Alors, passe encore que, à trois exceptions près, les personnages secondaires soient peu exploités et, en toute franchise, peu mémorables (les sœurs, le père, les amis du lycée, de la fac, les partenaires sexuelles et/ou sentimentales !). Je peux comprendre qu’Herzi ait eu pour souhait de se focaliser sur sa protagoniste, en faisant que les autres n’apparaissent, en général, que lorsqu’ils interfèrent directement ou indirectement avec sa quête d’identité. Par contre, j’ai trouvé que son évolution psychologique se faisait trop par à-coups, sans véritable progression dramatique, à travers une utilisation trop abusive de longues ellipses dans le récit. Pour moi, c’est la faiblesse du film. L’héroïne finit par être attachante ; on s’identifie facilement à elle. L’atmosphère… ou plutôt les atmosphères dans lesquelles elle évolue sont bien rendues — notamment par le biais de gros plans fréquents et d’une caméra portée. Donc, cela ne m’aurait nullement dérangé que le tout dure une demi-heure, voire une heure de plus.
Bon, je vais passer maintenant complètement aux qualités. Déjà, pour son tout premier rôle, Nadia Melliti impose une présence forte, incontestable — la caméra l’aime. Ce qui participe au fait qu’on est pris par l’histoire. Ensuite, malgré l’inévitable non-dit persistant, l'environnement familial dans lequel vit le personnage principal est montré comme sincèrement aimant ainsi que joyeux, et non pas comme un lieu d’éventuelle oppression dans lequel il étoufferait. C’est peut-être contradictoire, dans un sens, mais c’est la complexité de la vie et de l’être humain, capable — du moins, la plupart du temps ici — de se compartimenter dans deux existences parallèles.

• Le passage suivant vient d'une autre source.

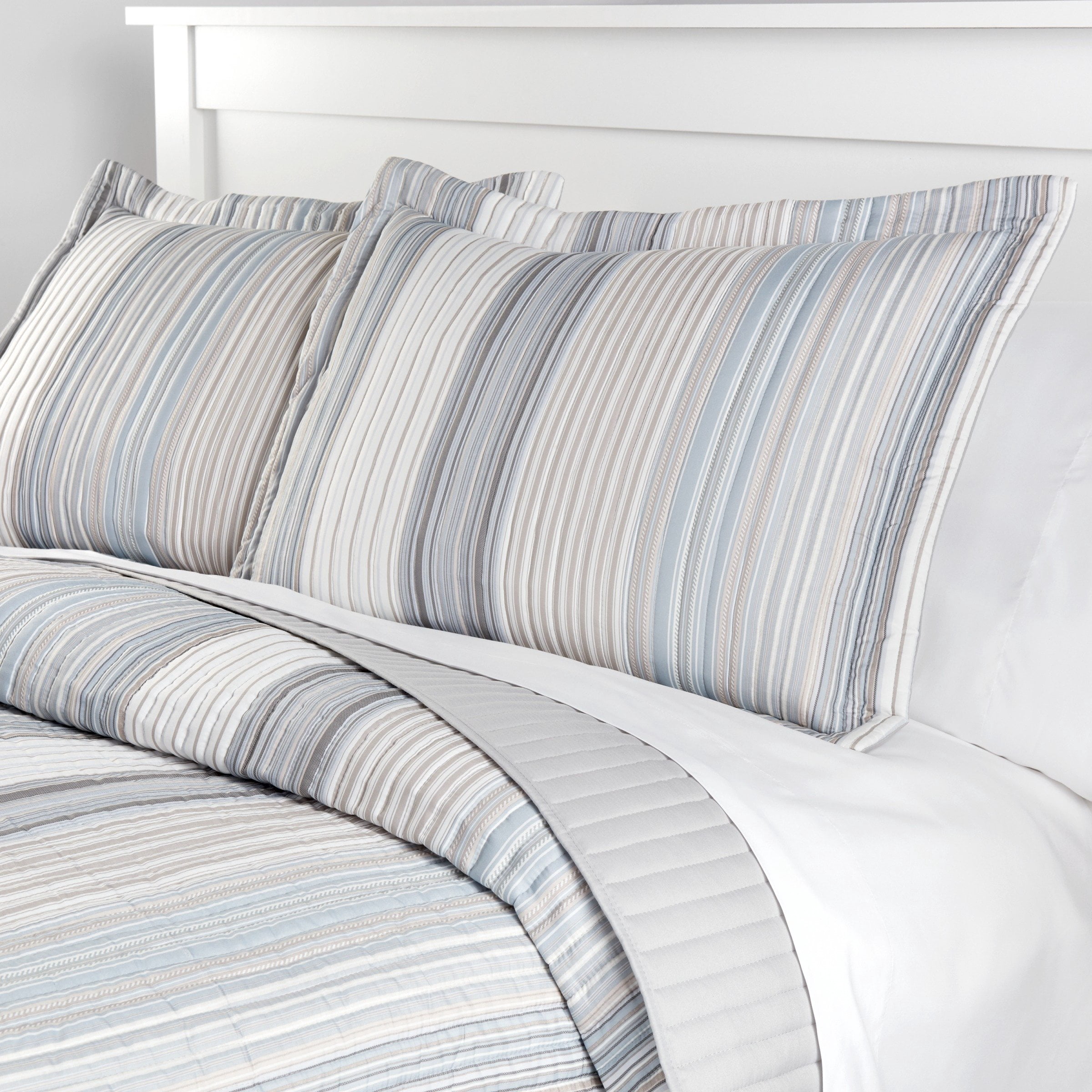 Mainstays Natural Stripe Quilt, 1 Each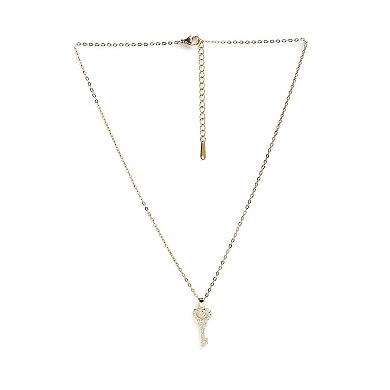 AGP PARIS Diva Gleaming Heart Key Pendant Necklace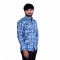 Men's Full Sleeves Smart/Regular Fit Casual Printed Shirts/DARK BLUE LEAVES WITH WHITE FLOWERS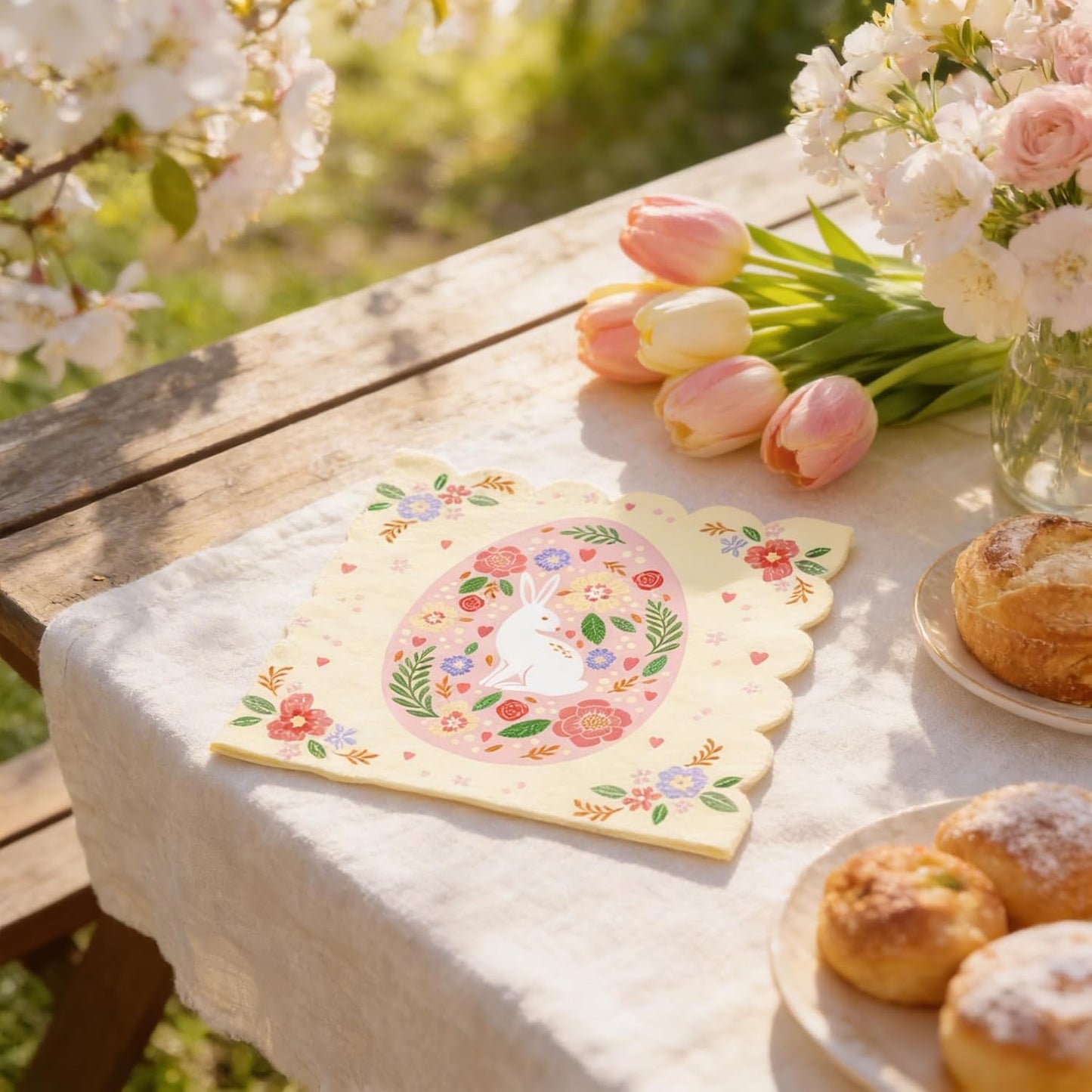 Servilletas Decoupage Pascua 40uds 13x13pulg Conejo Flores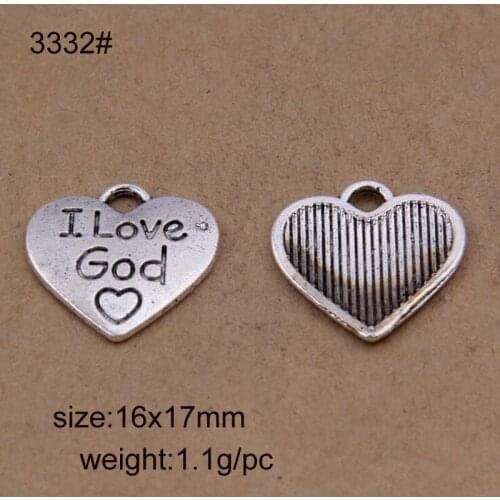 50PCS 16x17mm Antique Silver I Love God In Heart Charm Pendants For Jewelry Making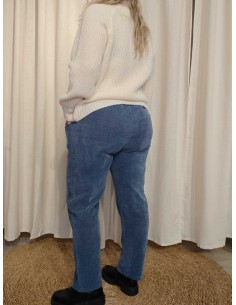 Jeans blå fløjlsbukser i bomuldsblanding med vide ben og snøre – TIPPY Italian Select 2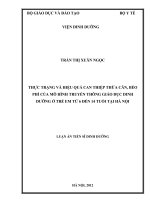 Luận án thực trạng và hiệu quả can thiệp thừa cân, béo phì của mô hình truyền thông giáo dục dinh dưỡng ở trẻ em từ 6 đến 14 tuổi tại hà nội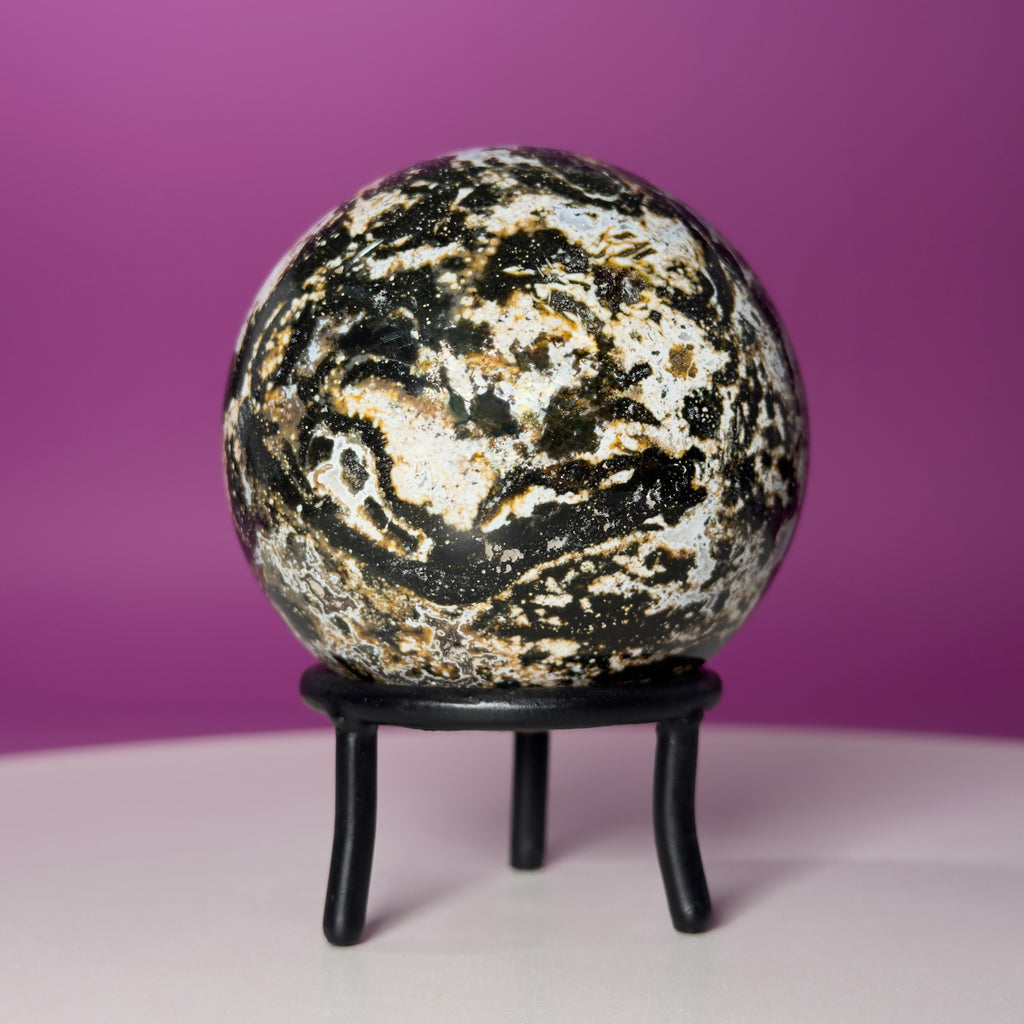 Sea Jasper Sphere on Black Wrought Iron Stand | Collector Display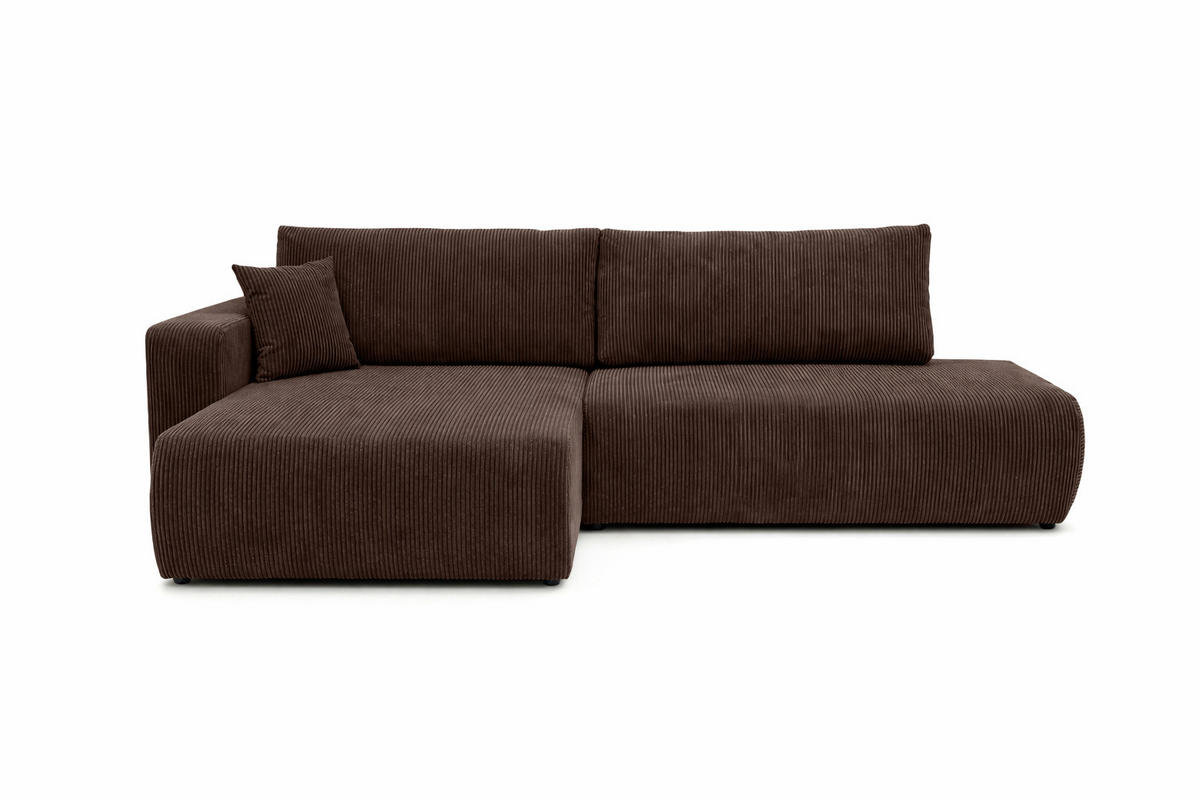 ECKSOFA Mit Schlaffunktion Und Bettkasten, Cordstoff Poso, Braun, Links, OPEN XL - Braun, Holz (262/145cm) - Kaiser Möbel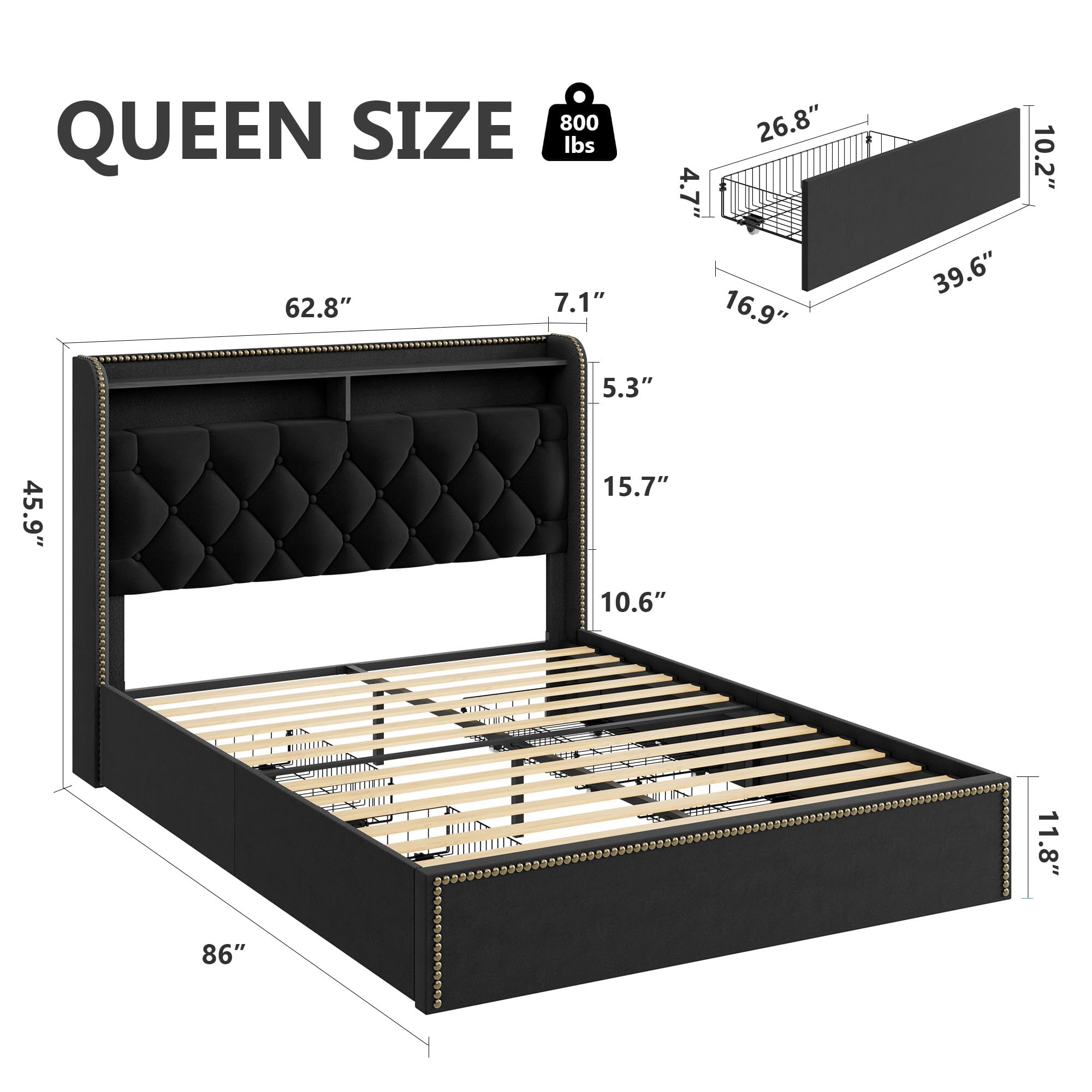 Full Size Black Velvet Storage Bed with Shelved Headboard and 4 Drawers, Tufted Upholstered Platform Bed Frame with Nailhead Trim, Metal Support Slats, No Box Spring Required, Easy to Assemble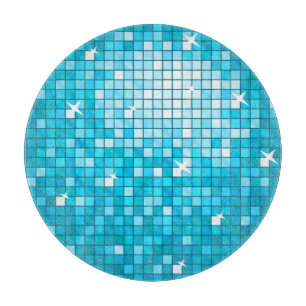 Disco Tiles Blue cutting board round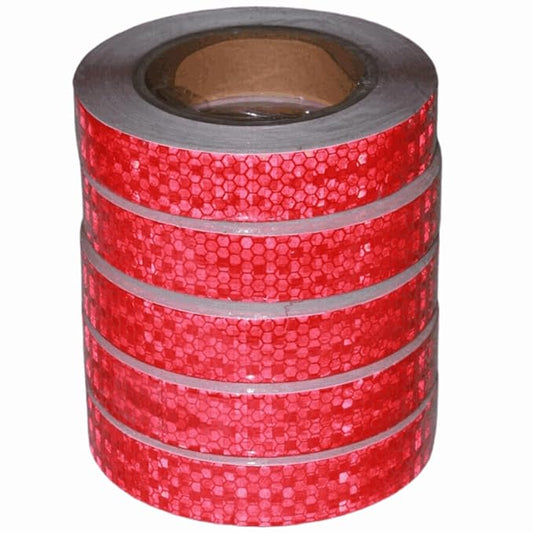 Red Reflective Tape Outdoor Waterproof 1 inch Wide for Trailer, High Visibility Safety Warning Adhesive Strips (66 feet, 5 Rolls)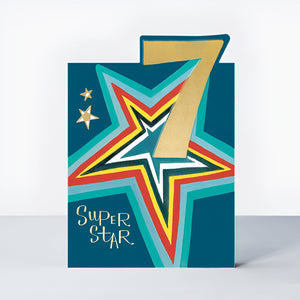 Super Star Age 7 Birthday Card – Neon & Gold Foil Die-Cut Card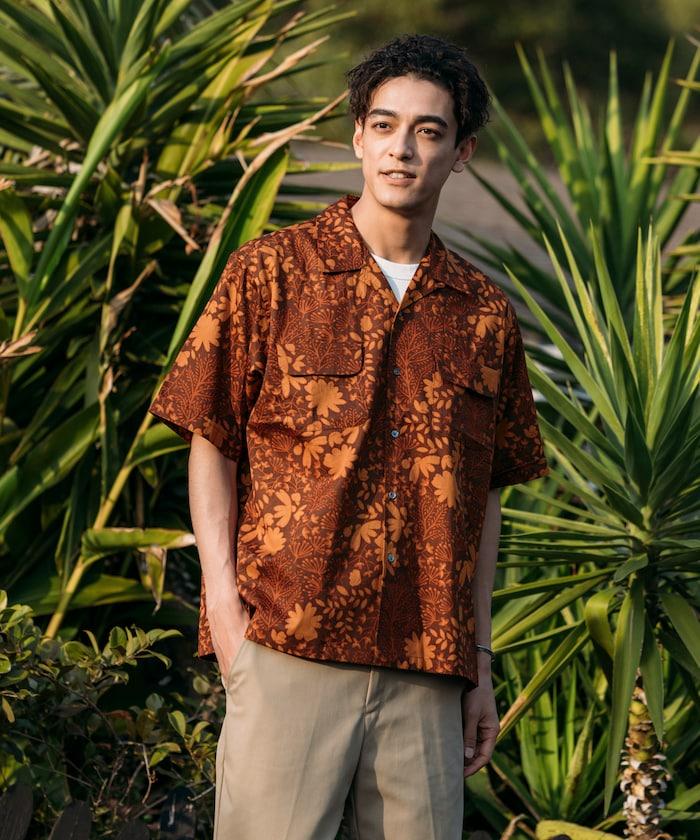 印度制 寬鬆版型 巴蒂克圖案印花 開領襯衫 短袖 樹圖案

Et pour finir, je vais mentionner les trois exceptions susmentionnées quant aux personnages secondaires. D’abord, même si on ne le voit que dans deux scènes durant la première moitié du film, le personnage du pneumologue, aussi bienveillant que fantasque, amène une touche de légèreté et d’humour bienvenue. Il est incarné par… un véritable pneumologue, le docteur Pascal Chanez. Autrement, lors de la discussion avec l’imam, je n’ai pas pu m’empêcher de penser que l’acteur jouait d’une manière très réaliste son rôle. Normal, vu que c’est Abdelali Mamoun, imam à la Grande Mosquée de Paris, qui l’interprète. Sinon — et surtout — il y a le personnage de la mère. L’échange entre elle et sa fille, constituant l’une des toutes dernières séquences du film, tout en sobriété et sachant prendre son temps, par l’amour maternel profond qui s’en dégage, offre quelques minutes franchement très émouvantes.